When human umbilical vein endothelial cultures were grown in the presence of supplemental arachidonic acid, the cell phospholipids became enriched with arachidonic acid. Prostacyclin (PGI2) accumulated in the medium during supplementation with arachidonic acid. The capacity of these enriched cultures to produce PGI2 when subsequently incubated with either arachidonic acid or thrombin was reduced by as much as 90%, but release of arachidonic acid from the cell lipids in response to thrombin stimulation was not inhibited.

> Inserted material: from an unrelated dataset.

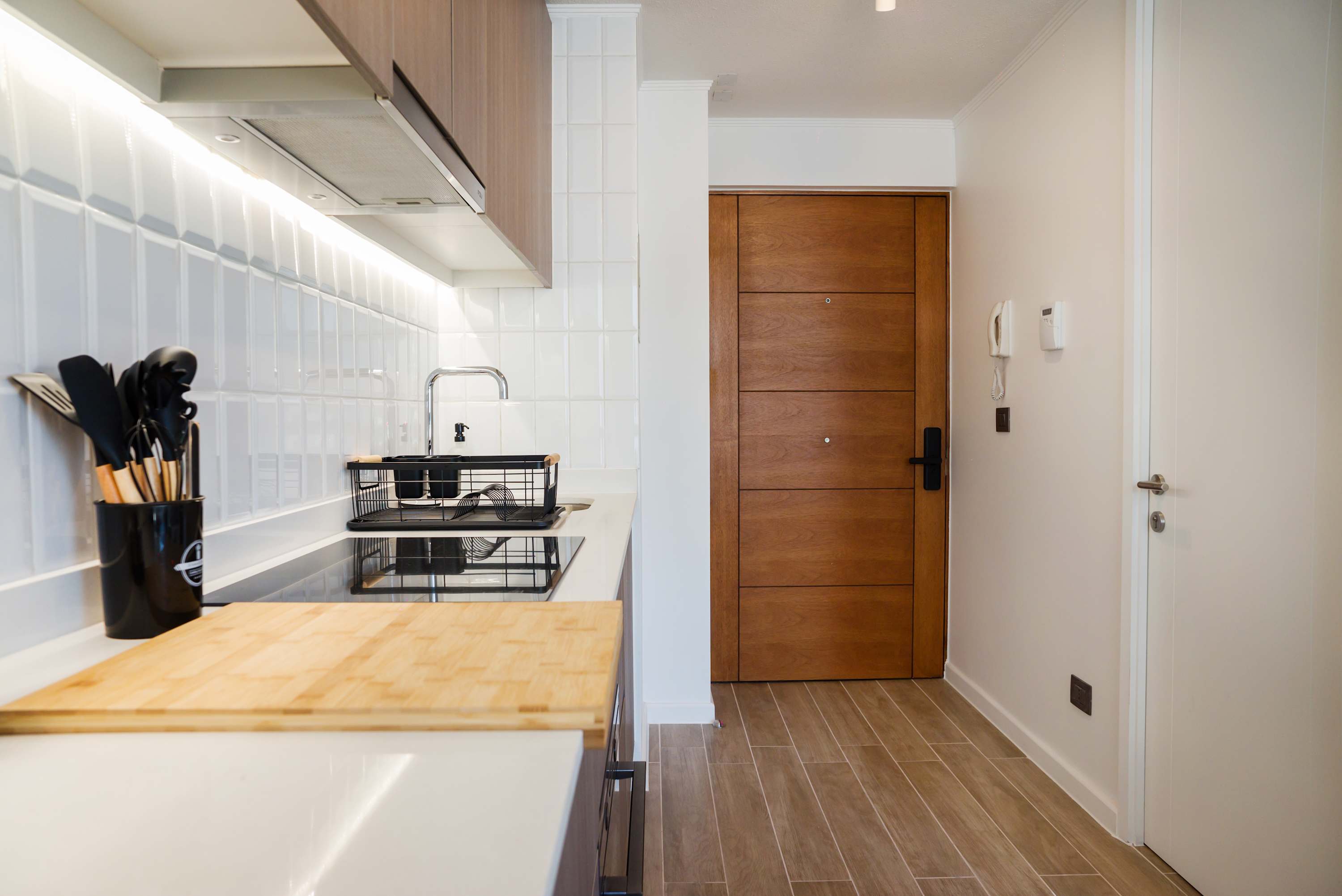 Modern and efficient kitchen with sleek appliances and stylish wood accents, perfect for cozy home-cooked meals.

Refractory cultures completely recovered the capacity to form PGI2 within 18 hours after removal of the medium containing supplemental arachidonic acid. However, recovery was prevented by cycloheximide. When enrichment with arachidonic acid was done in the presence of ibuprofen, a reversible cyclooxygenase inhibitor, PGI2 did not accumulate in the medium during supplementation, and the subsequent capacity of the cultures to produce PGI2 in response to thrombin increased by 70% to 240%. By contrast, the capacity of these supplemented cultures to convert added arachidonic acid to PGI2 did not increase. Therefore, the enhancement in thrombin-stimulated PGI2 production when the cultures are supplemented with arachidonic acid probably is due to the larger amount of arachidonic acid available in the intracellular lipid substrate pools, rather than to an activation of the PGI2 synthetic pathway. These findings suggest that changes in the arachidonic acid content of the endothelial cell lipids may modulate the capacity of the endothelium to produce PGI2 in response to stimulation.